Aside: my previous post, this one, and perhaps the next one or two do not represent me "thinking aloud" as my posts usually do... instead, I'm summarising thoughts that I had over the semester, but felt too busy to blog about.
So. How well can we do with just a single layer of probability, over a standard logic? How can we achieve something similar to Solomonoff induction?
One idea is to imagine that the universe we are observing was constructed by randomly writing down sentences in logic to determine each fact, only taking care not to ever write something which contradicts what we've already written. For example, we can use a length-based prior to choose a sentence at random from first-order logic. This prior obviously contains the Solomonoff prior ("is dominant over" as they say), but it's not clear to me whether the relationship goes the other way ("is dominated by") so that they are roughly equivalent. I'm thinking the prior I'm specifying is "even more uncomputable," since we have to check for consistency of theories.
This prior lends itself to an interesting approximation scheme, though.
- Each sentence has at least log-probability inversely proportional to its length
- To this, we can add some probability mass for each consistent sequence of sentences which we find that implies the sentence. (To test for "consistent" we just try to find a contradiction for some reasonable amount of time, perhaps trying harder later if it's important.)
- Normalise this probability by dividing by (1 - probability we encounter an inconsistent sequence drawing randomly), which is estimated based on the cumulative probability of the inconsistent sequences we've identified so far.
- This gives a rough lower bound for the probability. To get an upper bound, we apply the same technique to the negation of the sentence.

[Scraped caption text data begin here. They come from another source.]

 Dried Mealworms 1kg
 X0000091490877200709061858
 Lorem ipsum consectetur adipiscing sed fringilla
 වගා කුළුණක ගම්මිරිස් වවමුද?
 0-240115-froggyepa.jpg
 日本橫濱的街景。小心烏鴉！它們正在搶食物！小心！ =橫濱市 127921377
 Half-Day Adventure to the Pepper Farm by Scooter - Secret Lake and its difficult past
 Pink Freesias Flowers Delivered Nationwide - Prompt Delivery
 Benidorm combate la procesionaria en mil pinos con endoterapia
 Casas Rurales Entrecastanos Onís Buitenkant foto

- If A implies B, then B is at least as probable as A (ie, it can inherit A's lower bound). Likewise, A is at most as probable as B (inheriting B's upper bound). In other words, we can use existing ideas about propagating probability intervals to work with these estimates if we like.

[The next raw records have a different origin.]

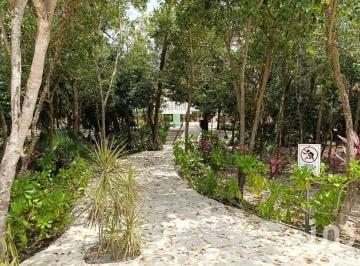 Terreno / Lote · 162m² · Terreno Residencial en Aldea Kaan Ecohabitat, Puerto Morelos.
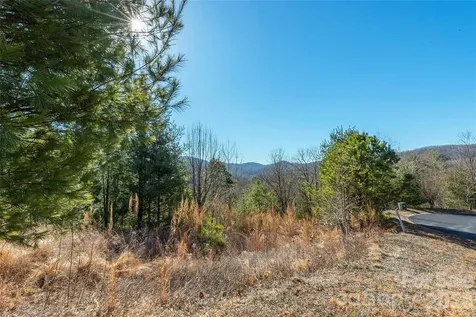 99999 Woodhen Way Horse Shoe NC 28742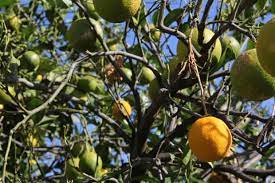 Sweet orange tree more than half girdled by a phytophthora lesion at the base of the tree. Common Diseases Of Orange Trees Gardening Channel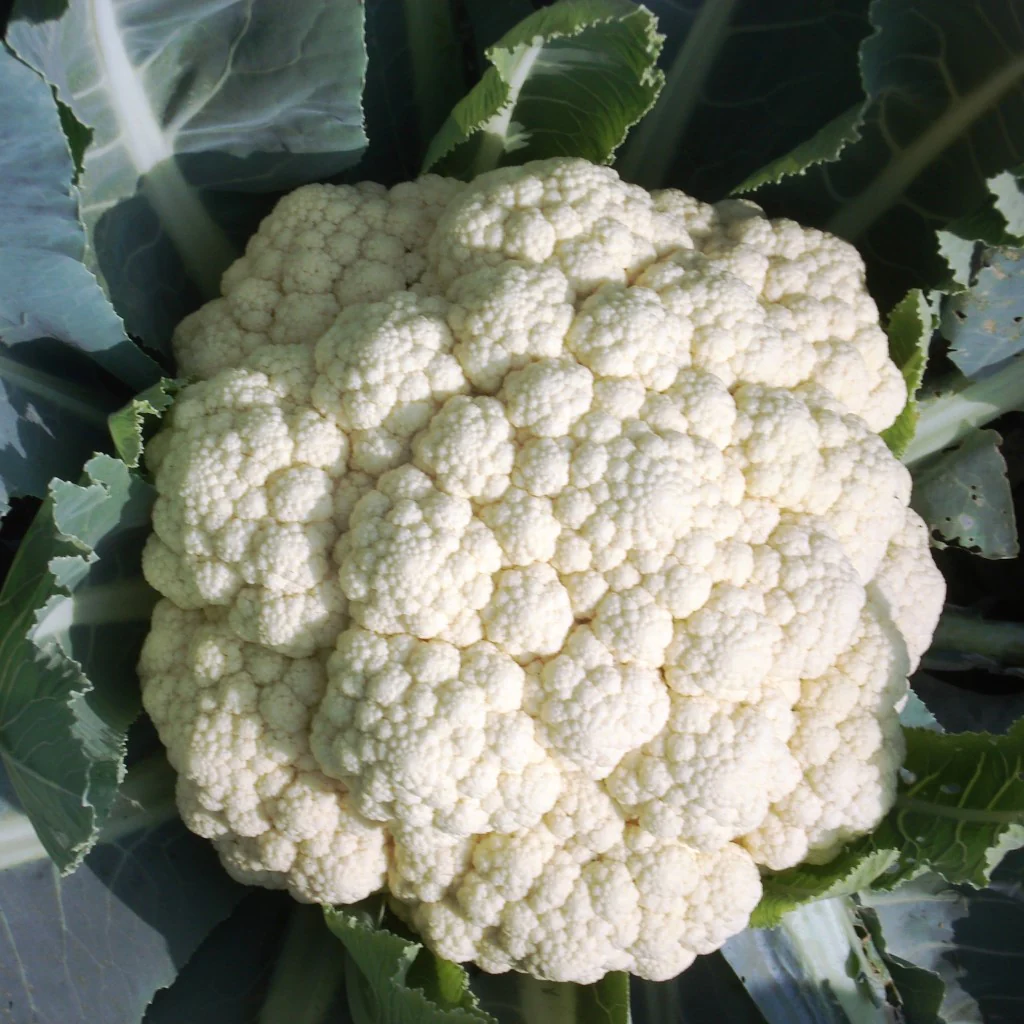Cauliflower Seeds F-1 Hybrid US-3333 - Image 2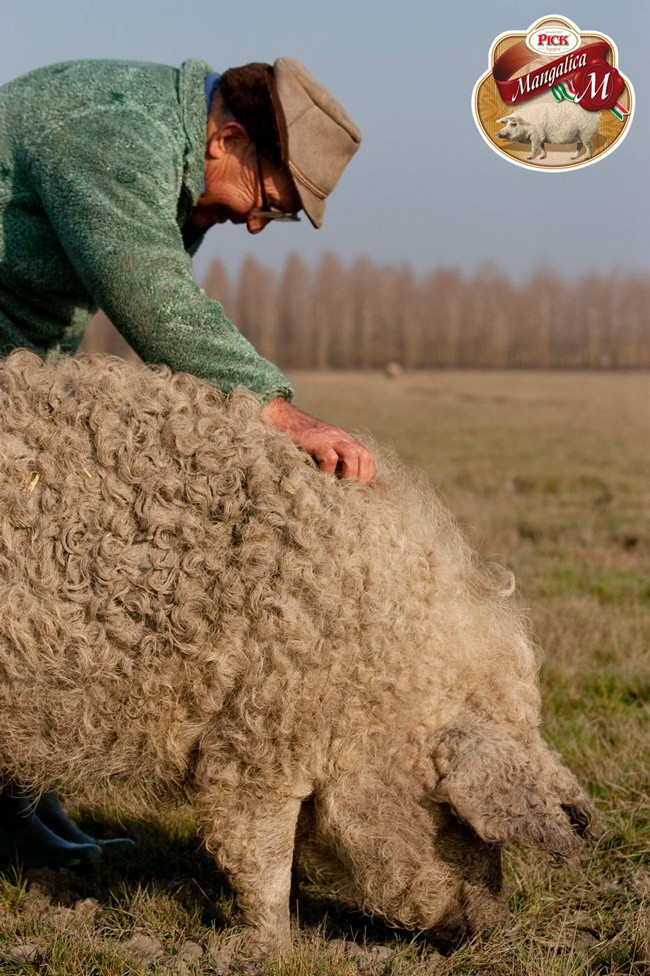 Hiện nay, thịt lợn này được xuất khẩu sang cả Mỹ, Nhật Bản và được phục vụ trong những nhà hàng đắt tiền.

- To update on evidence, we use compatibility with that evidence as an extra criteria for consistency of sequences of statements. Intuitively, this will throw out a bunch of possibilities (and increase the amount of normalisation by doing that, which increases the probability of the remaining possibilities).

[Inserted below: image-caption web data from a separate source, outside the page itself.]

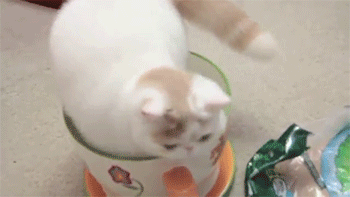 cat_video_vocalzone cat_video_vocalzone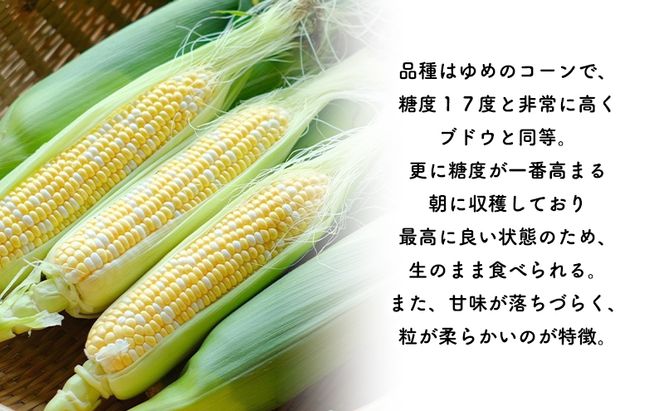 2026年発送 【全2回定期便】 生のまま食べられる！とうもろこし まっくコーン・梨同等の甘さの玉ねぎ まっくオニオン 北海道富良野市 富良野産 ふらの 玉葱 コーン とうもろこし 野菜 旬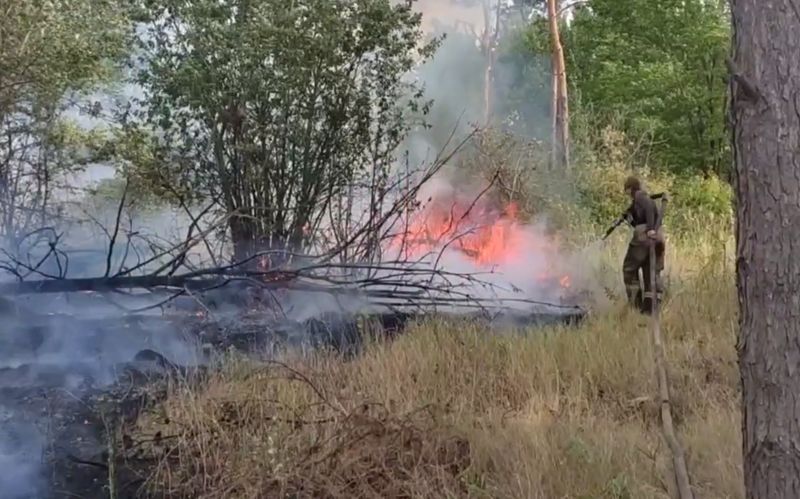 ������� ������ � �� � �������: ����� ������ � ���������������� ����, ����� ���� ������� ���� � ��������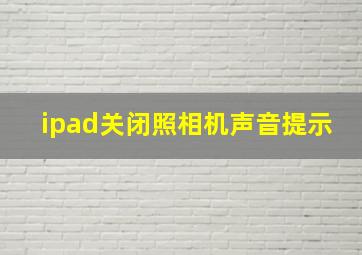 ipad关闭照相机声音提示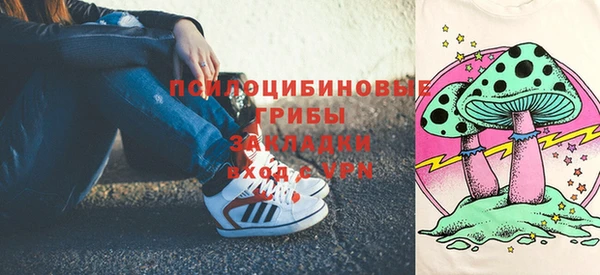метадон Няндома
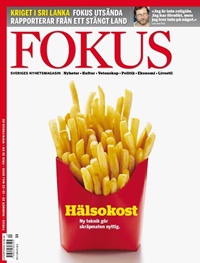 Fokus 20/2009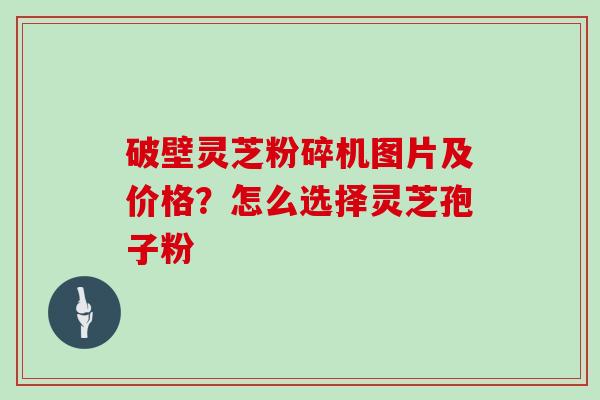 破壁灵芝粉碎机图片及价格?怎么选择灵芝孢子粉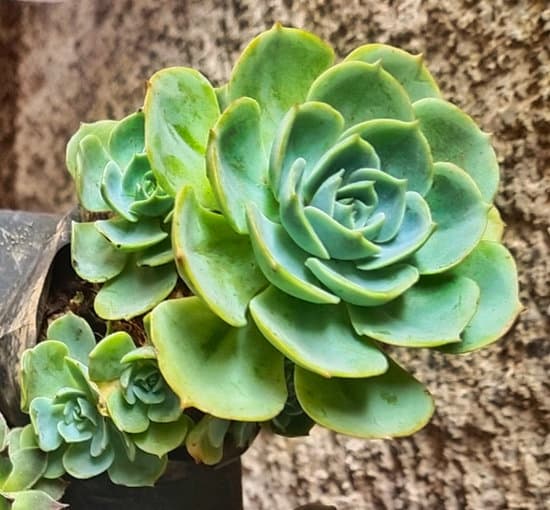 canva succulent MAErDGzp54Q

Unfortunately, these bounds would tend to be very wide, I think. The system would have to do a lot of thinking to narrow them down. More generous approximations might find one model and stick to it until it's disproved or a better model is found, say. This would at least give the system something to work with.
Now that we have a little bit of foundation in place, I think we can more usefully consider what to do if we want higher-order probabilities. Just as we can randomly choose sentences of first-order logic, we can randomly choose sentences of any system of probabilistic models we like (such as BLP, BLog, etc). This allows us to use the inference algorithms, et cetera from our favourite formalism. As long as first-order logic is a special case of the formalism, it will be just as universal.
For example, we could perfectly well use a prior based on random theories stated with the (objective-)probability-theoretic quantification which I was discussing in the previous posts. If we do this, we basically solve the puzzles I was running up against there: the inference from objective probabilities over classes to subjective probabilities over individuals is justified by the regularity assumption in the prior, IE, by the idea that the objective probability might be an "essential feature" of the class... something that was written down in the book of rules for the universe before the individual cases were decided.